百済に関する伝承の検証を目的として、1986年に韓国・扶餘へ歴史調査団が派遣された。当初、この調査は韓国内では十分な理解を得られなかったものの、次第に百済王族にまつわる伝説や、師走祭りをはじめとする南郷村の伝統文化が注目されるようになった。儒教的価値観の影響が強い韓国社会において、これらの文化が関心を呼び、各種メディアでも取り上げられるようになった[8]。
歴史調査団の派遣と並行して奈良国立博物館、奈良国立文化財研究所の協力のもと南郷村の学術調査も行われた[9]。調査の結果、百済王族の遺品とされていた古代の鏡群が、正倉院宝物の収蔵品や東大寺国宝鏡などと同一のものと確認、国内で発見された唐式鏡の5.7%が神門神社に収蔵されていることが判明した。また師走祭りが文化庁の調査で極めて珍しい祭りとされ、無形民俗文化財に登録された[9]。
これらの調査の結果、1968年に観光開発計画「百済の里づくり」が策定、翌年には議会で議決されている[8]。1989年には「むらおこし実行委員会」および村観光協会が設立されている[10]。
1990年に百済の王宮の建物を再現した「百済の館」や百花亭が完成、1996年には正倉院を再現した「西の正倉院」が竣工している[11]。また、西の正倉院の完成に合わせて郷土料理レストランが入る南郷茶屋、食堂街の百済小路がオープンしている[12]。1997年には大型の温泉施設「山霧」が開業している。村の公共施設や公営住宅などにも瓦屋根を使用し村全体で百済の里としての景観づくりが進められた[12]。1992年に建設された新庁舎の村民ホールの天井にも直径10mの丹青が施されている[13]。
1986年の韓国への調査団派遣以降、韓国との交流が活発化した。1990年7月には元首相の金鍾泌が来村、村は韓国からの観光客で大きくにぎわった[14]。1991年には師走祭りの学術調査のため韓国の調査団が村を訪れている[15]。また、この年には南郷村と扶餘との間で姉妹都市が締結された。南郷村が美郷町へ合併後の2008年、美郷町と扶餘との間の姉妹都市提携更新調印式が行われた[16]。
1986年から7年間で村から韓国への公式訪問は24回を数え合計342人が韓国を訪れた。韓国から村の公式訪問も27回行われ、1451人が村を訪れている[17]。
1990年までは南郷村の観光客数はほとんど0という状況であったが、1991年には年間で約12万人もの観光客が訪れた。特産品の開発が活発化し、中でも「百済王キムチ」が人気を博した。このキムチは地元の商工会が韓国でキムチの製造法を学んで売り出したものである。村はこれらの特産品に「神門」というブランド名をつけて村のブランド化を図っている[10]。

1991年に竣工した「百済の館」は、扶餘にある客舎を原寸大で復元した建物で、百済の文化を紹介する交流施設である[18]。
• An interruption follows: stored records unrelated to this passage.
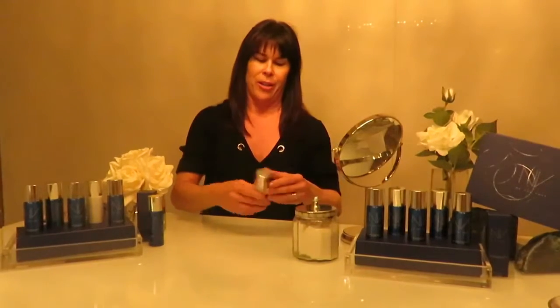Because of this brand new phenomenal product I'm about to share with you. First of all, all we do is shake. This is the primer.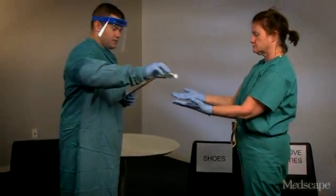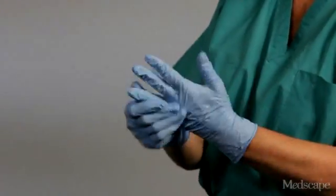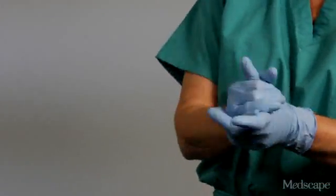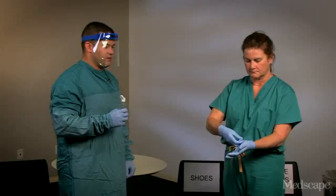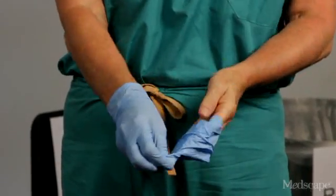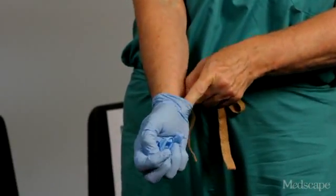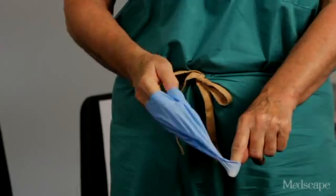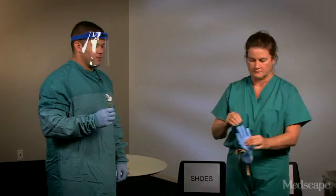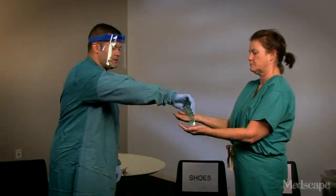Barbara is going to do hand hygiene again with the gloves on. Now Barbara is going to carefully remove her gloves. It is important to note that for the first one she only grabs the outside of the glove and slowly pulls it off. For the next one, while she holds that glove with the gloved hand, she slides her finger underneath the cuff and slowly pulls it off without touching the outside of the glove. Then she will discard the gloves and perform hand hygiene on the bare hands.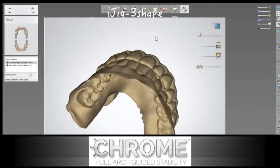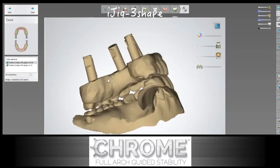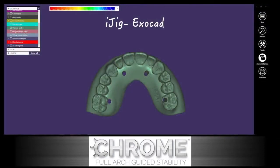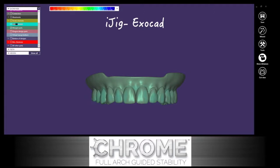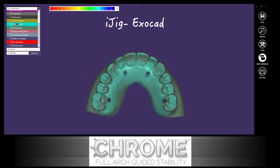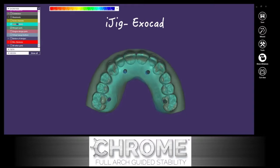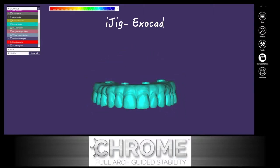Once this is on the laboratory's computer, the technician can take over, complete the design process, and create a virtual model — whether in 3Shape or exocad. Here you can see an exocad version with the iJIG information superimposed over the new design for the prosthesis. This allows for excellent communication between the temporary prosthesis and the final prosthesis.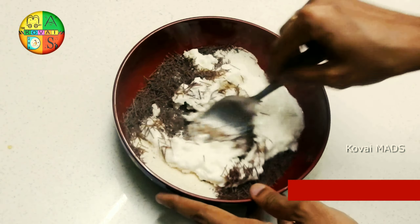Add half a cup of water. Mix it well. Add half a cup. Add 2 spoons of cooking oil.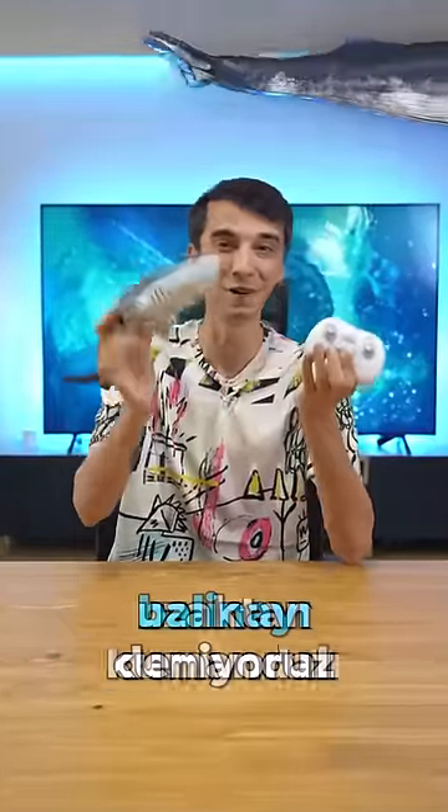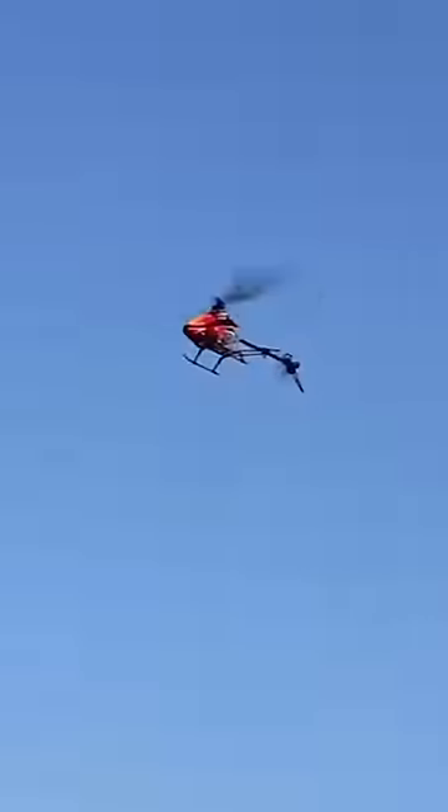Today we are testing a remote controlled whale I bought in China. I've reviewed a lot of remote controlled cars, airplanes, helicopters, tanks, etc. on this channel, but this is the strangest of them all.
建設に使われた瓦や敷石は韓国から取り寄せたものが使用されている。梁や軒には韓国の名工によって色鮮やかな丹青が施されている[18]。建設には韓国文化院などの協力を受けており、11月に行われた落成式には韓国の元首相、金鍾泌が来村して参加した。この建設の事業費は1億1500万円であった[19]。
館内には百済の国宝や重要文化財のレプリカが展示され、毎年春には「百済の里春祭り」が催される[20]。

1991年に村に古くからあった展望名所の恋人の丘に建築された。扶餘の落花巌にある同名の建物を原寸大で再現している。百済の館と同様に丹青が施されている。また、韓国から送られた一対の鐘が設置されており、二人の人が鐘を鳴らすことで絆がより深まるとされる[12]。
正倉院を原寸大で再現した建築物。1996年竣工。
南郷茶屋は1996年に完成した商業施設である。屋根は茅葺にする計画であったが、建設当時の南郷村には茅葺の家が残っていなかった。そこで村の年配者たちに声をかけたところ、茅葺の経験がある13人が名乗りをあげた。彼らの指揮のもと総勢300人での茅葺が行われた[21][22]。
南郷茶屋は村の観光センターとして開業し当初は郷土料理レストランが入居していた[21]。2004年に経営不振により閉鎖、2011年に1階を葬儀場として改修し葬儀場として使用されていたが2021年に廃止された。2023年には2階にカフェが開業、1階についても活用法を募集している[23]。
百済小路はかつて物資の集積地として栄えていた当時の南郷村の街並みを再現した施設で、小さな店舗が密集する食堂街となっている[8]。建物の屋根には韓国の瓦が使用され日本と韓国の建築の融合を図っている[12]。
西の正倉院や百済の館、隣接するレストラン、売店は村の第三セクターの南郷クリエイションが運営していた。不況の煽りを受けて1995年の設立以来赤字が続き、2001年には別の第三セクター、南郷温泉に経営譲渡して統合されている[24]。

1987年、南郷村の学術調査により神門神社に伝わっていた「唐花六花鏡」が正倉院宝物のものと同一であると確認されたことを受け、正倉院を原寸大で復元した「西の正倉院」の建設を計画する[25]。しかしこの計画はいくつかの問題が発生して簡単には進めることができなかった。
まず費用面の問題で、当初は必要な費用を内部の展示品等を含め5億円程度と見積もっていたが、額が膨れ上がり最終的には総額16億3000万円が必要となった。自治省の「まちづくり特別対策事業」を活用して何とか予算を工面したが、これは補助金ではなく起債であり財政的にはかなり厳しい事業となった[26]。
さらに、宮内庁が管理する正倉院図は門外不出とされており、手に入れることが難しいという問題に直面する。これは奈良国立文化財研究所の学術支援を受けることでなんとか入手に成功した[27]。
設計は寺院建築の権威である建築研究協会が正倉院図に基づいて行ったが、当時の正倉院の工法が現在の建築基準法では認められず、建設大臣が特別許可を出すまでに5年の歳月がかかっている[28]。
建築に使用する木材について、当初は村内の山の木から調達できると考えていた。しかし、正倉院の建築に使用できる木材は樹齢400年から500年のヒノキであり、村どころか県内からも調達は不可能であった。元林野庁の宮崎県知事に相談し全国調査を開始、3年後に木曾の国有林の天然ヒノキを確保することができた[25]。建築費10億円のうちの約半分をこの木材代金が占めている[26]。
1993年に起工式が行われ、建築の最中も木材の搬入時の御木曳式をはじめ立柱式や上棟式など節目節目に村民総出の行事を行っている[29][25]。着工から3年後の1996年4月に完成し翌月に落成式典が開催された[25]。
西の正倉院は神門神社の宝物などを展示する施設となっている。本物と同じく北倉、中倉、南倉に分けられ、北倉では、唐花六花鏡をはじめとする銅鏡や1000本を超える鉄製の矛など神門神社に所蔵されていた宝物が展示されている。南倉では師走祭りのコーナーとなっており、紹介ビデオが放映されている[30]。本物の正倉院では見ることができない建物の内部構造も確認することができる[31]。